_DATASET EXCERPTS_
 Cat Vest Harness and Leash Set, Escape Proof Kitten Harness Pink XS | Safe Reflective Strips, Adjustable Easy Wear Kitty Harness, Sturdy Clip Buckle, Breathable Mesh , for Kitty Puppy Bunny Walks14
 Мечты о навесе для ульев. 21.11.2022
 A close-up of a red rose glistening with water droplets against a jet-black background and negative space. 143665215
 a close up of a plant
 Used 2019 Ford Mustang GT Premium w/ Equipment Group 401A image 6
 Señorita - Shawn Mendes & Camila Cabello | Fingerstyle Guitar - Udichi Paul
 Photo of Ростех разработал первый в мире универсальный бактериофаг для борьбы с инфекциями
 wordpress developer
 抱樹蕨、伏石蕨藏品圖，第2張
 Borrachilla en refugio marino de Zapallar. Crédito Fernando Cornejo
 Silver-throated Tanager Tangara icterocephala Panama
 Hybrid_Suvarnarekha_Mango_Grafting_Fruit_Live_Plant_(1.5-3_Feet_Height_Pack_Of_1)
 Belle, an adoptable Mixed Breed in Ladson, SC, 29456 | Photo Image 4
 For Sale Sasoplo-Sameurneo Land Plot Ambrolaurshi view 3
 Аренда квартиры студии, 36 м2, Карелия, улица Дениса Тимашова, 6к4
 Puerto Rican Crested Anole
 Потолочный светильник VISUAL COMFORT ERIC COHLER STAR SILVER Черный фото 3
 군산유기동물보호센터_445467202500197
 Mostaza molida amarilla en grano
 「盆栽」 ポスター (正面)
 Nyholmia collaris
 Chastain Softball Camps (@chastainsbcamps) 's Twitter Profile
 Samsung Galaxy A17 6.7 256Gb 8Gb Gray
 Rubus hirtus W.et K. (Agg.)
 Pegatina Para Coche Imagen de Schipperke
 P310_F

_WORK INSTRUCTION_
Each line from the one holding "Аренда квартиры студии, 36" through the last line of the data is to be transcribed exactly, with nothing else added.

_PROBLEM SOLUTION_
 Аренда квартиры студии, 36 м2, Карелия, улица Дениса Тимашова, 6к4
 Puerto Rican Crested Anole
 Потолочный светильник VISUAL COMFORT ERIC COHLER STAR SILVER Черный фото 3
 군산유기동물보호센터_445467202500197
 Mostaza molida amarilla en grano
 「盆栽」 ポスター (正面)
 Nyholmia collaris
 Chastain Softball Camps (@chastainsbcamps) 's Twitter Profile
 Samsung Galaxy A17 6.7 256Gb 8Gb Gray
 Rubus hirtus W.et K. (Agg.)
 Pegatina Para Coche Imagen de Schipperke
 P310_F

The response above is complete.